The one-shot ComputeBackend.start()/ComputeBackend.run() pair creates a sandbox, runs a single command, and tears it down. A session keeps the sandbox alive so several commands can run against the same hot filesystem – the agent’s generation then the verifier’s compile – without paying a second spin-up.

Lifecycle invariant: teardown lives in close() (not in the handle’s wait), so a session MUST be used as a context manager and close() MUST be idempotent – otherwise an error between exec and close leaks the sandbox.

Examples

Open a session over a workdir and run several commands against the same hot sandbox – here generation followed by the compile, with one spin-up (needs a live backend, so this is illustrative rather than a doctest):

from open_atp.backends.docker import DockerBackend, DockerConfig
from open_atp.images import DEFAULT_IMAGE

backend = DockerBackend(DockerConfig(image=DEFAULT_IMAGE))
with backend.session(workdir) as session:
    with session.exec("lake env lean Demo.lean") as handle:
        result = handle.wait()
    session.sync_out()   # pull the agent's edits back to the host
# the sandbox is torn down on exit, even if exec raised
close()[source]

Tear the sandbox down (pull artifacts first where needed). Idempotent.

exec(command, *, env=None, timeout_s=None)[source]

Run command in the live sandbox; the handle does NOT tear it down.

sync_in()[source]

Push the host workdir into the sandbox (no-op when bind-mounted).

sync_out()[source]

Pull the sandbox workdir back to the host (no-op when bind-mounted).

Docker

class open_atp.backends.docker.DockerBackend(config)[source]

Bases: ComputeBackend

Run sandboxes as local docker containers over a bind-mounted workdir.

The workdir is bind-mounted (not copied), so a command’s file edits land directly on the host. Construction is offline – it just holds the DockerConfig; the daemon is only contacted when a command runs.

Examples

>>> from open_atp.backends.docker import DockerBackend, DockerConfig
>>> from open_atp.images import DEFAULT_IMAGE
>>> backend = DockerBackend(DockerConfig(image=DEFAULT_IMAGE))
>>> backend.name
'docker'
>>> backend.config.workdir_mount
'/workspace/wd'
config
container_home = '/home/agent'

Absolute $HOME inside the sandbox; per-run credential dirs (an agent’s ~/.codex, say) are mounted under it. Overridden per backend.
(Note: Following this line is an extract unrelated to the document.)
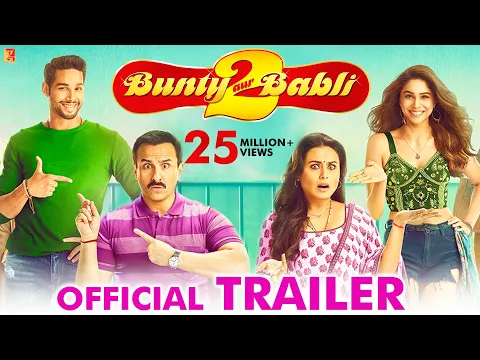 Download MP3 Bunty Aur Babli 2 | Official Trailer | Saif Ali Khan, Rani Mukerji, Siddhant C, Sharvari | Varun S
session(workdir, *, env=None, mounts=None, timeout_s=None)[source]

Open a persistent sandbox over workdir for multiple exec() calls.

Unlike start() (one command, then teardown), the returned ComputeSession stays alive until ComputeSession.close(), so the same hot sandbox can run generation and verification back to back.
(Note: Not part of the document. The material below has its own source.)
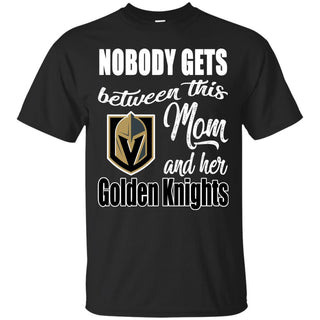 Nobody Gets Between Mom And Her Vegas Golden Knights T Shirts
env/mounts here pin the long-lived sandbox at creation (Docker bind mounts can only be set at docker run); per-command credentials go to ComputeSession.exec()’s own env.

class open_atp.backends.docker.DockerConfig(image=Image(name='open-atp:latest', lean_toolchain='leanprover/lean4:v4.28.0', mathlib_rev='v4.28.0'), timeout_s=1800, env=<factory>, workdir_mount='/workspace/wd', baked_lake='/workspace/.lake', volumes=())[source]

Bases: BackendConfig

Configuration for DockerBackend.

Extends BackendConfig (image, timeout_s, env) with Docker-specific knobs.

Attributes:
workdir_mountstr

Path inside the container where the workdir is bind-mounted. Default /workspace/wd.

baked_lakestr

Image-baked warm cache to symlink the workdir’s .lake to. Empty skips the symlink. Default /workspace/.lake.

volumestuple[tuple[str, str], …]

Extra -v host:container mounts (e.g. agent credential dirs). Default empty.

class open_atp.backends.docker.DockerSession(backend, container)[source]

Bases: ComputeSession

A live docker run -d container; exec many commands, docker kill once.

The workdir is bind-mounted, so sync_out()/sync_in() are no-ops – edits already live on the host.

backend
close()[source]

Tear the sandbox down (pull artifacts first where needed). Idempotent.

container
exec(command, *, env=None, timeout_s=None)[source]

Run command in the live sandbox; the handle does NOT tear it down.

sync_in()[source]

Push the host workdir into the sandbox (no-op when bind-mounted).

sync_out()[source]

Pull the sandbox workdir back to the host (no-op when bind-mounted).